Written by Gary Phillips
Art by Elena Casagrande and Giulia Brusco
Published by DC Comics
Release Date: November 23, 2016

The origin of the new age Vigilante has been rough to say the least. Death, secrets, and an explosion of your once normal life can leave you in a worse for wear state. That doesn’t stop Donny from starting his journey of revenge and training to be a hero in his own right.

The second issue of this mini-series moves both the characters and plots at a steady pace providing a mystery of just what exactly Dorrie was involved in before she died. The past and present collide when we’re introduced to Mike as “The Eastrider” that protected the streets twenty years ago.

Phillips gives everyone in the main cast spotlight to a certain degree, whether they’re proactively helping Donny in helping him become a self-sufficient hero or their searching for clues in their own right and by their own means. We’re taken across many sections of Southland big and small and the colors are put to fantastic use in each location.

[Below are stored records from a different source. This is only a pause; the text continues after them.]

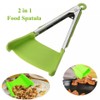 MY DEVELOPMENT Multi-Functional Silicone Tongs Non-Stick | Stainless Steel 2-in-1
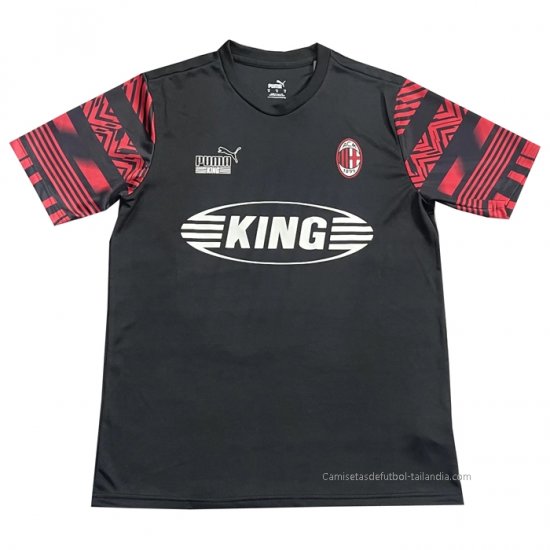 Camiseta de Entrenamiento AC Milan 2022 Negro - Haga un click en la imagen para cerrar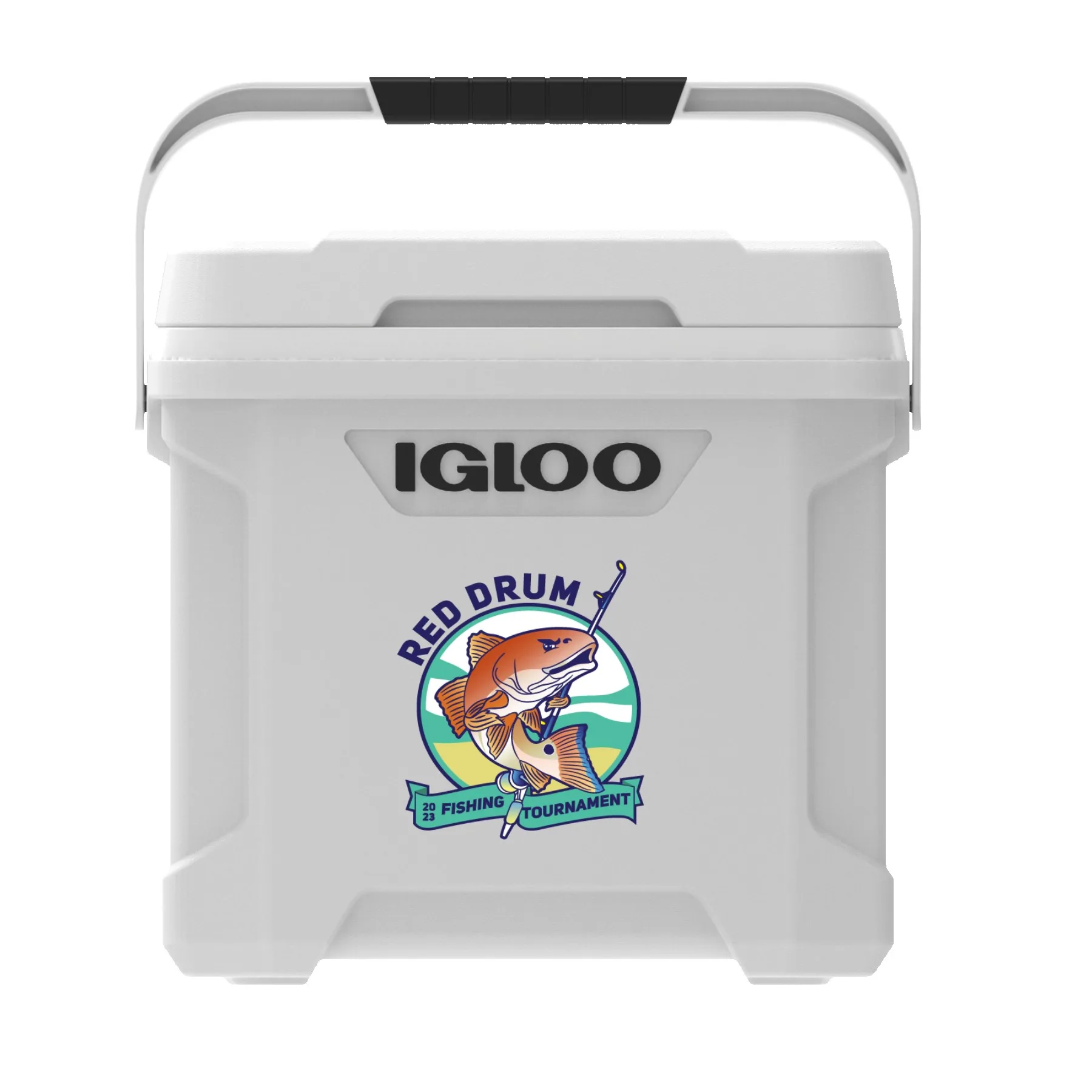 30 Qt. Igloo® Latitude Marine Ultra Cooler (White/Moonscape Gray)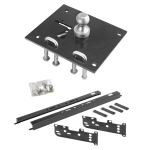 For 1988-2000 Chevrolet C/K Series Fold Down Plate Underbed Gooseneck Hitch System (Excludes: Crew Cab, w/o Factory Puck System Models) By Draw-Tite For 1988-2000 Chevrolet C/K Series Fold Down Plate Underbed Gooseneck Hitch System (Excludes: Crew Cab, w/o Factory Puck System Models) By Draw-Tite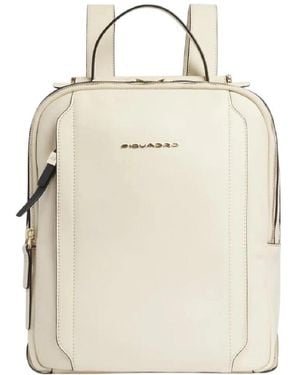 Piquadro Backpacks - Natural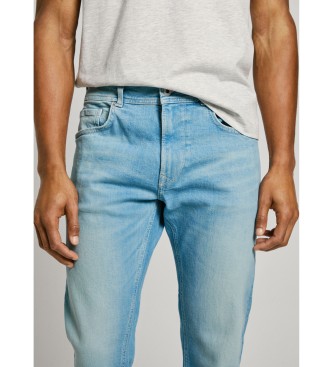 Pepe Jeans Jeans in taps toelopende pasvorm Stanley blauw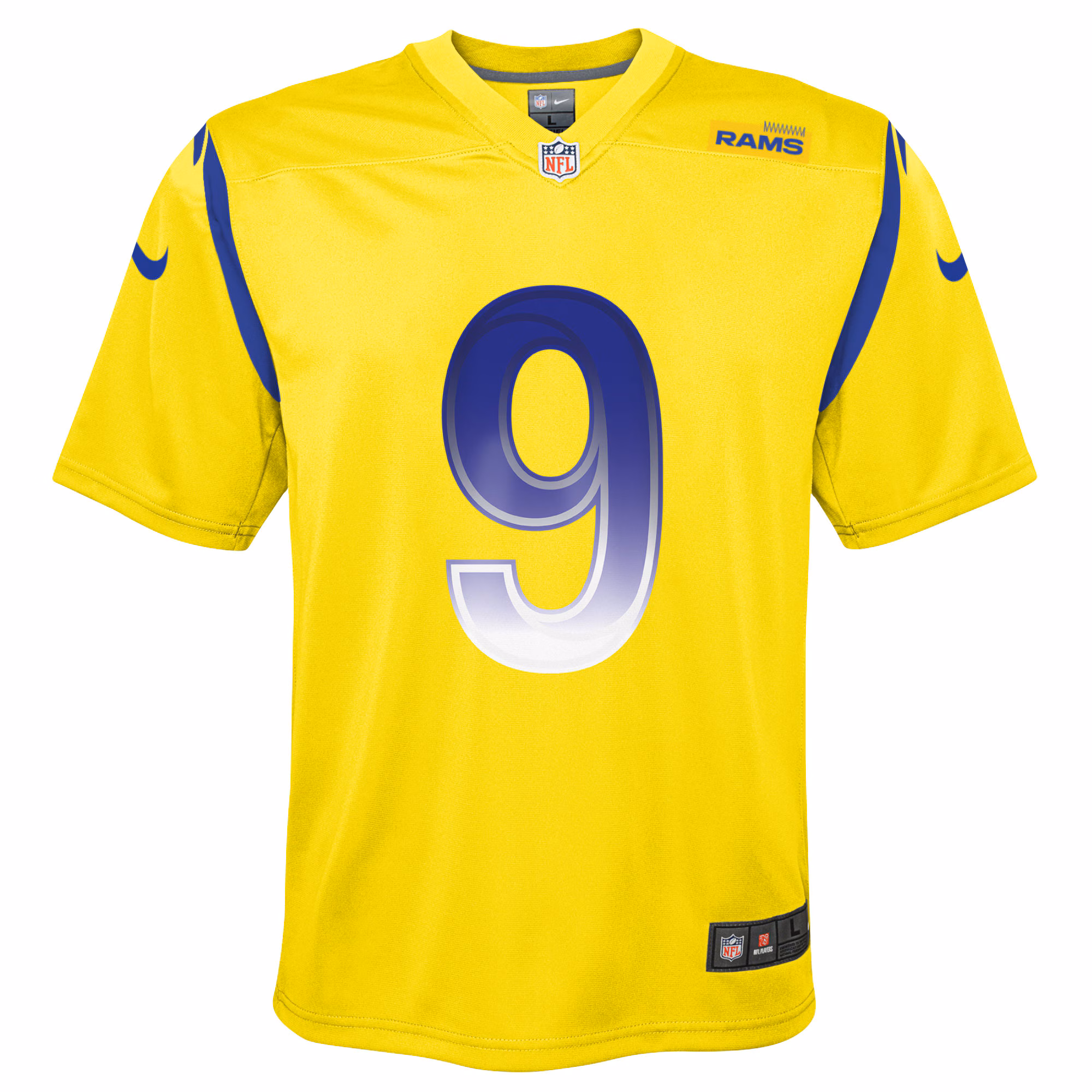 Matthew Stafford Los Angeles Rams Youth Inverted Game Jersey - Gold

The first leg of Donny’s journey takes him to Koreatown and it features one heck of a close quarters combo against a dominatrix. Yes, it actually happens and it’s a realistic fight that puts into perspective what kind of world Philips has crafted in two issues. Vigilante fits right at home with the more grounded heroes of the DCU and existing on the fringes of the larger universe in a city we don’t normally visit or see at all helps strengthen Vigilante’s identity and character. Donny as a character is brash, tough, and courageous. He’s still learning about how to navigate this world of subterfuge and high stakes politics that could result in his demise.

Casagrande and Brusco do wonders for Phillips and his writing. The inks and colors across the board heighten the story and environment, with the Vigilante suit itself standing out with it’s black and blues against other vibrant colors across the board and in the dark. The attention to detail with characters and specifics about them or highlighted and helps them become more fleshed out and defined.

Body language and movements play a big part in how events play out and panel space is used to provide variety to what’s going on inside the pages. The art team deliver in setting up and stylizing this world of crime, grittiness, and realism.

Characters all move of their own accord either by their own doing or another force at play and it pushes the surprising developments forward to the halfway point that will be issue #3 next month. Vigilante: Southland is ramping up the action and the titular character slowly rising to the action despite the past coming back to haunt him in a way that’s all to familiar to heroes of the same cloth as him.